And I totally loved it. Surprisingly, it didn’t take my tub-of lard body too long to get into the rhythm. Sure, there was some serious pain and exhaustion the first few times, but within two weeks I did my first home to office ride. It was at night, I had to push the bike up a couple of the more serious hills, and the 13km ride took me an hour, but I made it. Woohoo!!.

Then on the way back home, something went very wrong. I pushed on the pedals, and they turned. The crank turned. The chain turned. But the back wheel didn’t turn. I took the bike back to the office, caught a cab home, and took the bike to the LBS the next day.

Apparently the freehub was shagged.

Now I had never been happy with the 700, for the simple reason that it didn’t suit my body shape. I’m 5’10, but I have short legs, a 79cm (31”) instep, and a long torso. I needed the top-tube length of the 19” frame (plus a 120mm stem), but the stand over height of the 19” 700 had no clearance to my "undercarriage”, and it was a nuisance whenever I had to pull up at traffic lights or wherever. This also made it a bit ungainly on the slowish cycleway rides I was doing with the kids, particularly if I had to dismount in a hurry. All in all, I didn’t feel like buying a new wheel for it, and I was told that getting the LBS to replace the freehub wasn’t commercially worthwhile. (They tried to sell me a Nexus-7 atb instead).
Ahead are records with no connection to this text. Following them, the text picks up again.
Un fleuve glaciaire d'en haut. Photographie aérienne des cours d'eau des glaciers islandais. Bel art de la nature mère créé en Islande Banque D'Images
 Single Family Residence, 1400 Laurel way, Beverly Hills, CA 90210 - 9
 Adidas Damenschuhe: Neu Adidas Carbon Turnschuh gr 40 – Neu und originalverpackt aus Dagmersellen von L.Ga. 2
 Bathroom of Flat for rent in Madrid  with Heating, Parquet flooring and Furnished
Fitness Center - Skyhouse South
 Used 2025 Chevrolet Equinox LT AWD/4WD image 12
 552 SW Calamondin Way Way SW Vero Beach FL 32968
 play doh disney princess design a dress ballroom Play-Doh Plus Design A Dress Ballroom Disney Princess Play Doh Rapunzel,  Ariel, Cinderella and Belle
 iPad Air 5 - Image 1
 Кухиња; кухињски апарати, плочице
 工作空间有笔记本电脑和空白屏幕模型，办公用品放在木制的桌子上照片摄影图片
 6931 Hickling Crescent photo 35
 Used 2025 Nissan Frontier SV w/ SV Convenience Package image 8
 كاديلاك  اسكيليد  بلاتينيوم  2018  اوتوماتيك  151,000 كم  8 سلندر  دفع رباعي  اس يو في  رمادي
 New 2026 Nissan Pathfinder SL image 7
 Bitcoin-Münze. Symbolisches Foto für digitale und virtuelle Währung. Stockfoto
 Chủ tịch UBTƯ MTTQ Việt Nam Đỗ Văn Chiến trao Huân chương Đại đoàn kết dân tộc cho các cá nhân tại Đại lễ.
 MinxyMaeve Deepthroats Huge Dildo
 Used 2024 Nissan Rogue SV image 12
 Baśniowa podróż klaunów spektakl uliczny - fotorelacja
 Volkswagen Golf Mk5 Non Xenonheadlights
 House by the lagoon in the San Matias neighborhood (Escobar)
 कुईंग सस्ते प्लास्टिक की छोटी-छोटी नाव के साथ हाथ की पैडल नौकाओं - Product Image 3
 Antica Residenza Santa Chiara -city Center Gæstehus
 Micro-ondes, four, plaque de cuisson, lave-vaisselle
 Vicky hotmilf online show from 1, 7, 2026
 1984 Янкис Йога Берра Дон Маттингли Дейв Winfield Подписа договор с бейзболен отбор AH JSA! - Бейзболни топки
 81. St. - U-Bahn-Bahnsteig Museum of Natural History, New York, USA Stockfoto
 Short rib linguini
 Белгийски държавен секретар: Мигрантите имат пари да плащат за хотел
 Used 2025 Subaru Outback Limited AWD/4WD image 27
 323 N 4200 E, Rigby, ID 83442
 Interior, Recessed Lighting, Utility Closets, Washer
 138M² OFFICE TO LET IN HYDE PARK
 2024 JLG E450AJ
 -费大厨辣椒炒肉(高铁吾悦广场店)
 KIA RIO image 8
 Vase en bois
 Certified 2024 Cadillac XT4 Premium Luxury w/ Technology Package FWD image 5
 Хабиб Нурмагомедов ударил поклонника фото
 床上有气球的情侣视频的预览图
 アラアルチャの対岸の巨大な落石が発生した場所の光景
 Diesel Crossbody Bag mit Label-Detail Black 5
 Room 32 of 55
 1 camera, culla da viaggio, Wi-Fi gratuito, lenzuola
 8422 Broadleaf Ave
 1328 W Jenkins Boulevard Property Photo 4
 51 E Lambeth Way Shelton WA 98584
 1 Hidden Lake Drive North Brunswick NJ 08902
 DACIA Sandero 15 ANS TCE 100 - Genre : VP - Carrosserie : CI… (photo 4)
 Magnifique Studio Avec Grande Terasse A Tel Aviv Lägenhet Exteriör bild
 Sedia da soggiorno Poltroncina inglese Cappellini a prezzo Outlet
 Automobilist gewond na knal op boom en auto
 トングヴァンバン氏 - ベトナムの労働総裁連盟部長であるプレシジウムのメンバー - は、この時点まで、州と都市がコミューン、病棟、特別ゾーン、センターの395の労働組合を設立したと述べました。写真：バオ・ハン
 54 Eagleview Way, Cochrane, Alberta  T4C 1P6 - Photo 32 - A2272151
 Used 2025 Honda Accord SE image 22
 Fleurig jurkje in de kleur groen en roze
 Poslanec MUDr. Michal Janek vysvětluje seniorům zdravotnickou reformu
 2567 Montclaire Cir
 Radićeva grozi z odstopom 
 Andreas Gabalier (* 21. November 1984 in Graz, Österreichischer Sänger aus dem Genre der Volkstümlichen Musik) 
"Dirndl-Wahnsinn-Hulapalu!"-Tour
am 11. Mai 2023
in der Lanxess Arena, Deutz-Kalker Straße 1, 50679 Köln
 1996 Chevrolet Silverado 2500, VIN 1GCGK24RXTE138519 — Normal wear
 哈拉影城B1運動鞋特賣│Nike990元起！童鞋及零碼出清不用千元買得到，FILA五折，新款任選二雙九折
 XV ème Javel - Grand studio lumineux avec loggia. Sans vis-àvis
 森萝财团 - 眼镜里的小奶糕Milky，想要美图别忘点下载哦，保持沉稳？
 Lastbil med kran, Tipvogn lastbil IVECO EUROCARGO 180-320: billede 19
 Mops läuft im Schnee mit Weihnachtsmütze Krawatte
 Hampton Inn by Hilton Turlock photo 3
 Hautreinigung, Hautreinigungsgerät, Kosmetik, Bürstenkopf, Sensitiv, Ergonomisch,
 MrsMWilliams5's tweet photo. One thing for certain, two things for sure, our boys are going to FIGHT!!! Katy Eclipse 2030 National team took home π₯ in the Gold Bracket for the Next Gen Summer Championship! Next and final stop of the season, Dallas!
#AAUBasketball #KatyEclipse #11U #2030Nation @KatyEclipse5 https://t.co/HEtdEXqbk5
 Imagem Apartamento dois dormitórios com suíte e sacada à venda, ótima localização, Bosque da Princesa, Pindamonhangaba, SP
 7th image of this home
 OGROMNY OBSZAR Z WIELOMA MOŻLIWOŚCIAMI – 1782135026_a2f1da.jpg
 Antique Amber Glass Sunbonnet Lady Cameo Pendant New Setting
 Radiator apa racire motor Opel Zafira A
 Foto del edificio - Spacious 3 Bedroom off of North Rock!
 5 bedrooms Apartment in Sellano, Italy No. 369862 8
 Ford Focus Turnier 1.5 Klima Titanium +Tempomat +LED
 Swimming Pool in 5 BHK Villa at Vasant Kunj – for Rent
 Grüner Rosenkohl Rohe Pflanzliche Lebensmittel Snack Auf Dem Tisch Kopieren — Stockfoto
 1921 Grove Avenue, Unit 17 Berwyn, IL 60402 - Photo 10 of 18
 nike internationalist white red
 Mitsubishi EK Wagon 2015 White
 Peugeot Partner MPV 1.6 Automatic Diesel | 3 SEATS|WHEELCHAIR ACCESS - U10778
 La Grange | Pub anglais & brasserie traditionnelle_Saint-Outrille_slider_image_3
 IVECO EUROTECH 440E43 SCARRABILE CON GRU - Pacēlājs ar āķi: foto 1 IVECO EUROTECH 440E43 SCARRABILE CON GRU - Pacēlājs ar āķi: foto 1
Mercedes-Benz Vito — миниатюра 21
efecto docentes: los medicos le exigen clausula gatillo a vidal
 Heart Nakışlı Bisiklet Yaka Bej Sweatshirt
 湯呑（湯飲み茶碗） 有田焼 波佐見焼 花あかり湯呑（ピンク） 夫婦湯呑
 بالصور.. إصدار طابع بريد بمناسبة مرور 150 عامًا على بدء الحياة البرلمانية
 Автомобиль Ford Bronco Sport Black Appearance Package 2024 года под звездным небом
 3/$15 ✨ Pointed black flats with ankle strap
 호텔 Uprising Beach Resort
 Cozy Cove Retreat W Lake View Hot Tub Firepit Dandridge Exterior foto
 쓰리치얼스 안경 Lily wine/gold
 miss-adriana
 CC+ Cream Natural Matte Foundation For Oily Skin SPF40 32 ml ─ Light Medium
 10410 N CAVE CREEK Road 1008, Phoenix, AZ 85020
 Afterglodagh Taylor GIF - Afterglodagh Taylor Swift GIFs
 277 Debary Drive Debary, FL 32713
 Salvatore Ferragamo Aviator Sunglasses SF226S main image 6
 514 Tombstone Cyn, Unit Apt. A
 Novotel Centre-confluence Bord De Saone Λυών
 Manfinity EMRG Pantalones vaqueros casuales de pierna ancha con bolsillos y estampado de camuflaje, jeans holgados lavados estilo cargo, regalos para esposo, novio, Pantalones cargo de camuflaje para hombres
I figured I needed something a bit more appropriate to my proportions. I was conscious of my own lack of knowledge of all things bikey and decided I didn’t want to spend a great deal of money in exploring options, but at the same time I wanted to keep riding. I wanted something that was fine for tootling along with the kids, but also capable of doing the commute. My 118kg (260lb) mass and intended use made front shocks a complete waste of time and money, and wanted something pretty strong.

So I jumped onto eBay bought one of these:












A 1998 Diamondback Wildwood – an old-school rigid steel mountain bike. The bike was hardly used, having sat in a shed for most of the past 10 years. I stuck a set of Geax Streetrunners, some bar ends, and a set of mid-rise handlebars on it, got the LBS to lube the thing, and resumed cycling.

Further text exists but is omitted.